"""
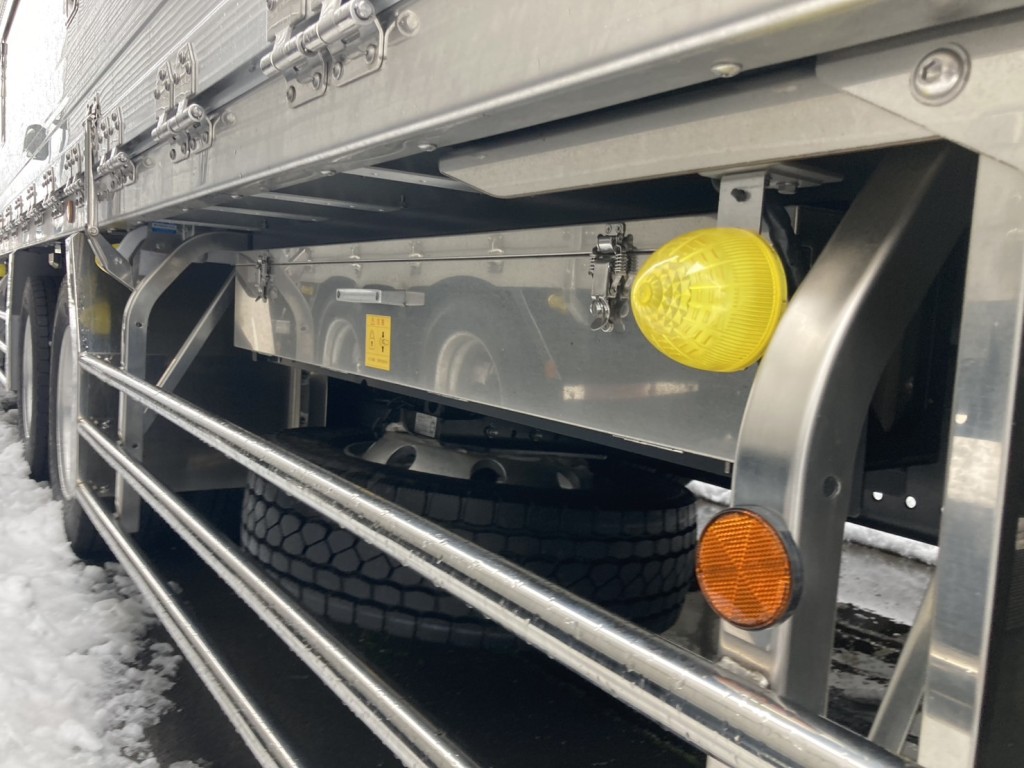 日野 プロフィア 2DG-FW1AHCの写真14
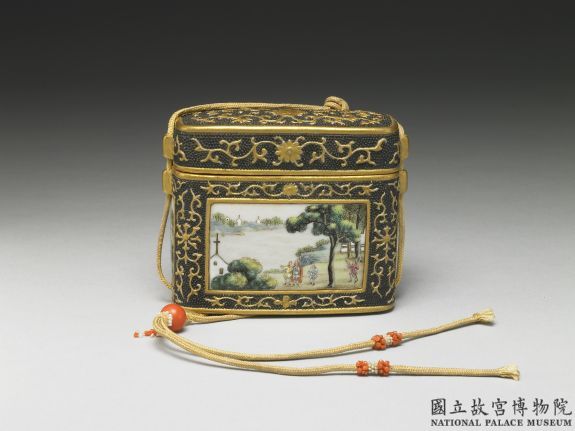 Flint case with Western figure in painted enamels, Qing dynasty, Qianlong reign (1736-1795)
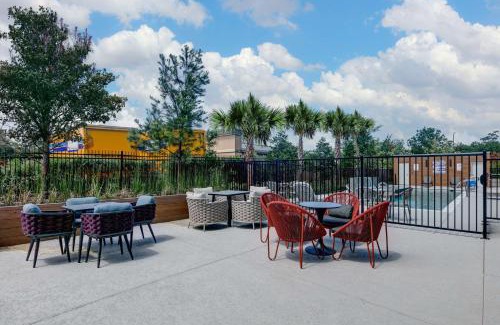 The Woodlands Hotel | Ideal Getaway at Hampton Inn & Suites in Shenandoah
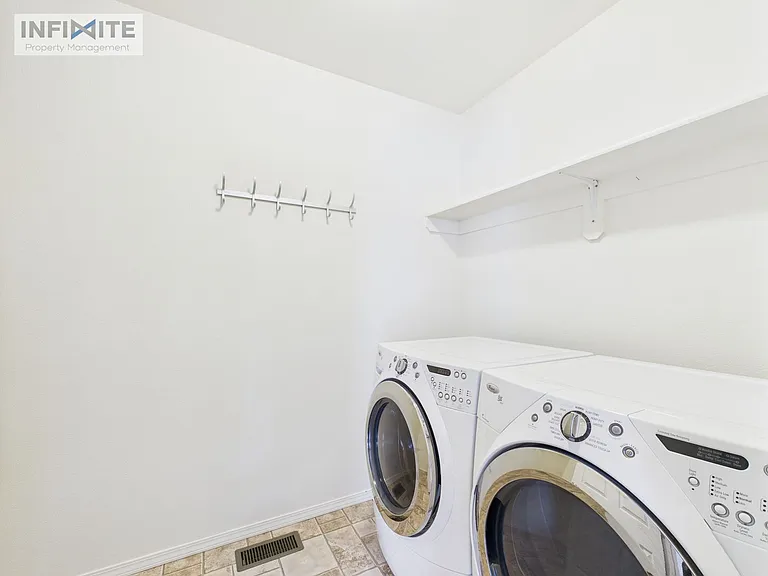 1112 Longbow Ln #3B — Photo 18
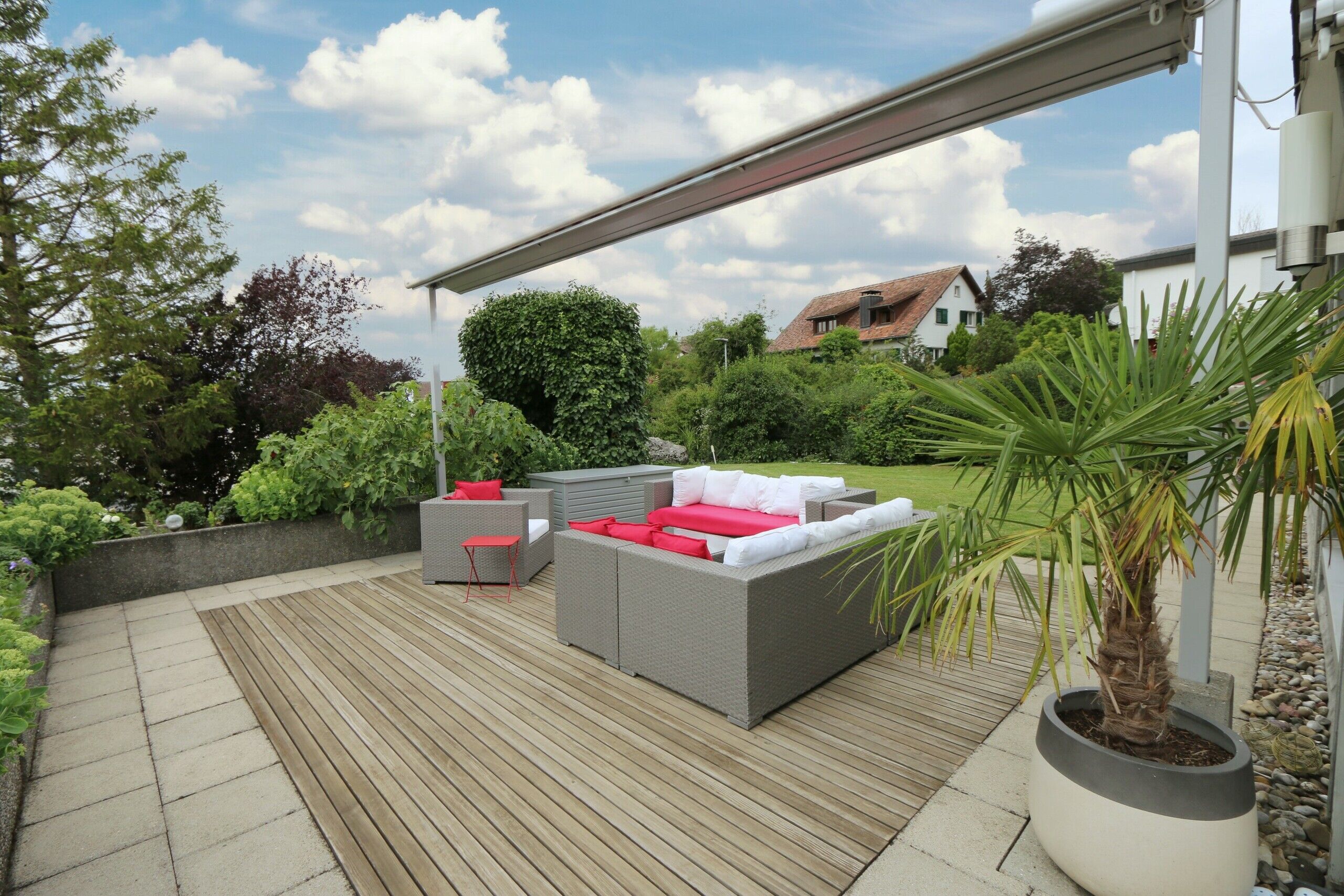 Auf der riesigen Terrasse fühlt es sich wie Ferien an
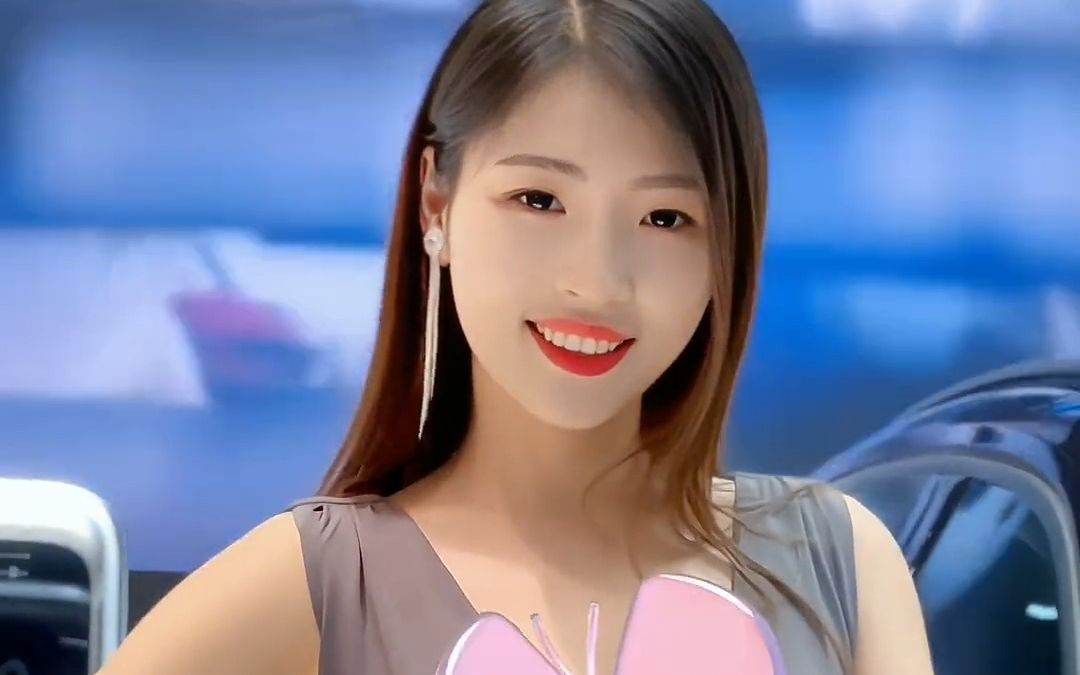 车模小姐姐 #大长腿 #好看的小姐姐 #抖音带你看车展 #可欣宝宝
"""
* _YOUR TASK_: Exactly the lines from the one containing "Auf der riesigen" through the last line of the material above, both included and free of pictures, should make up your answer, please.

* _EXERCISE ANSWER_:
 Auf der riesigen Terrasse fühlt es sich wie Ferien an
 车模小姐姐 #大长腿 #好看的小姐姐 #抖音带你看车展 #可欣宝宝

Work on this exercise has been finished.